The Supreme Court, relying on the rule laid down in Romualdez-Marcos v. COMELEC, where residence must be determined through the evidence. I agree. The problem is that the Supreme Court proceeded to take the same evidence the COMELEC deliberated on and reversed the factual finding of the COMELEC – the same factual finding that the Japzon ruling said was binding on the Supreme Court (specifically, the paragraph where Footnote 22 appears, for those who think I’m blowing hot air).

The Supreme Court states that the decisions relied upon by the COMELEC are inapplicable, as the facts are not on all fours. With due respect, this is a bit strained. No two cases will ever be on all fours with one another. No two cases have the exact same fact patterns. But given certain situations, such as a former citizen seeking repatriation and thereafter seeking public office, such decisions contain rules, a ratio by which such cases can be decided. That is exactly what the COMELEC did here.

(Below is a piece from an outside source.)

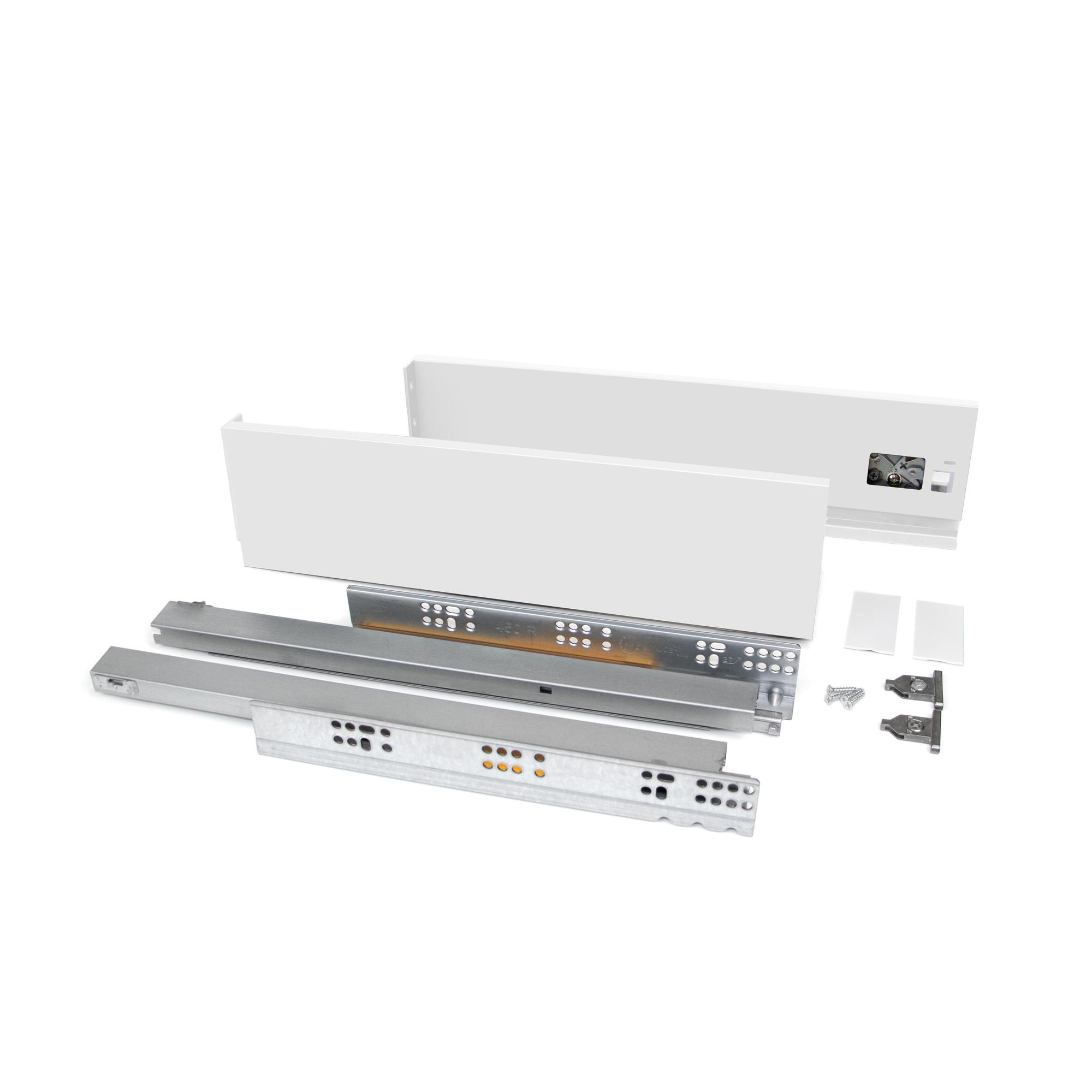 Coulisses sortie totale VERTEX hauteur 93 mm longueur 500mm 40 kg blanc EMUCA 3170612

In fact, the ruling in  Romualdez-Marcos v. COMELEC is arguably less applicable than Japzon; in that case, Imelda Marcos never lost citizenship, and IIRC never even acquired green card holder status, and thus never lost Philippine residency. This is contrast to Llamanzares who renounced her Philippine citizenship, and in doing so abandoned her domicile here.

Again, with due respect, we cannot argue that the ratios of similar cases are inapplicable, while the ratios of dissimilar cases are applicable.

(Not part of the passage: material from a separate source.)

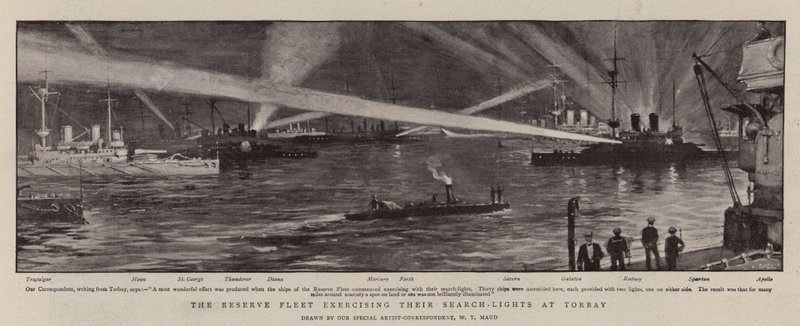 La flota de reserva ejercitando sus reflectores en Torbay de William T. Maud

And now, the honest mistake.

It would appear that the leading case for the honest mistake doctrine is Romualdez-Marcos v. COMELEC. (Notice a pattern here? j/k ) But in that case, Imelda Marcos’ “honest mistake” could actually be shown and argued. In the case of Llamanzares, it was merely argued, but never shown. No one knows how Llamanzares could’ve made such an “honest mistake,” nor reveal why it took her three years to realize the “honest mistake.”

To be fair to Imelda Marcos, she immediately corrected her “mistake” the moment someone pointed it out.

Or maybe that’s the threshold? Someone has to point the mistake out before it becomes “honest” and correctable? Who knows?

In any case, with a vote of 9-6, it is unlikely the Supreme Court will reverse its ruling based on the pending Motions for Reconsideration. Faura has spoken, and (so far) the debate is over.